As for Section 31, it was a pale imitation of a tactic familiar to anyone used to the ways of Moscow. I mean, when Moscow said the people massacred at Babi Yar weren't Jews but Soviet freedom fighters, you'd better believe it. Black was white if the politburo said so. Here, the idea was that if the local broadcasting channels pretended northern nationalism wasn't there, it wouldn't be there. This was as old-fashioned a piece of state manipulation as citizens of a free country are ever likely to see. Actually in retrospect it is almost funny, as well as pitiable.

If I had my time back, I'd be sure to be somewhere else . . . anywhere else . . . other than in RTE before, during and in the aftermath of the hunger strikes. There were workers there who were treated by fellow-workers as human beings should not be treated.
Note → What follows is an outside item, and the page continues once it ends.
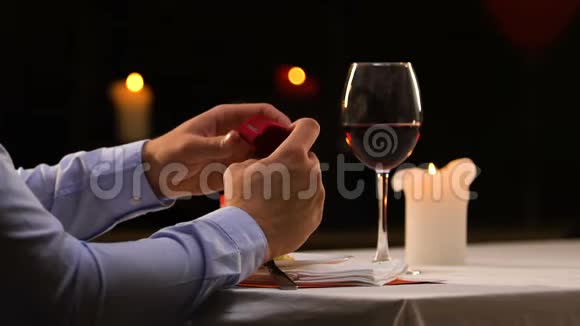 带着悲伤的男人看着结婚戒指把它放在桌子上然后离开视频的预览图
I got nothing worse than being shouted at and stopped a few times in the corridor for sneers about "your Provo friends." But just being at the meetings, cowering at the back, was traumatic. I've never been able to enjoy a Harris Harangue since, much as I appreciate the form. Ivor Callely, however, and John Ellis and the other senators come to the live performance new, and it doesn't matter anyway what shapes anyone throws in the Oireachtas playschool. The past is over. Good luck to all of them.